# Kato Cross Over



## Thorsdad (Dec 21, 2011)

Hi Guy's 

Can anyone tell me if a Kato double cross over will work with Bachman EZ track.

Thanks


----------



## Big Ed (Jun 16, 2009)

Thorsdad said:


> Hi Guy's
> 
> Can anyone tell me if a Kato double cross over will work with Bachman EZ track.
> 
> Thanks


Thorsdad........I though someone would know?
I guess not?
Do you have any hobby stores close by? Go and compare them?

I am searching the net as I type, but not getting any answers there either.


----------



## Big Ed (Jun 16, 2009)

Thorsdad, I went to another site for N that I am on and asked the question.

I got a short answer,

"No they are not compatible".

Too bad you didn't have all Kato track, I don't have any but a lot recommend it.


----------



## Thorsdad (Dec 21, 2011)

Thanks Ed

Bachman has a right and left cross over but the Kato is both in one, and the price is half the Bachman. I think I will use the EZ for my Trolley.


----------



## Big Ed (Jun 16, 2009)

This just in some more answers,

1.....Remove unijoiners from Kato track, remove the fugly connector from EZtrack and then use Code 80 rail joiners, they should mate well.

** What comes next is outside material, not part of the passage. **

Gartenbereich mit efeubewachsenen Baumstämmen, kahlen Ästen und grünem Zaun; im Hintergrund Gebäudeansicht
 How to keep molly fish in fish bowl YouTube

2......G is right. You may have to shim the Kato or EZ track. I don't know if the roadbed is the same height. They will connect with code 80 rail joiners as G said.


3.....Sorry but it will not. But then maybe I'm wrong. The Kato double crossovers are not cheap. I paid over 50 bucks for mine.


Maybe some more will answer stayed tuned.


----------



## Big Ed (Jun 16, 2009)

Another answer, I guess you can mate them as explained,

No, Bachmann don't make a DXO. Yes you can mate the Unitrack one up as G-man has explained. 
To the "They are expensive" crowd, what would you expect to pay for 4 motorised turnouts and a X'ing? I think they are extremely good value for money! Compare them to the Peco DXO which doesn't come with the motors.


----------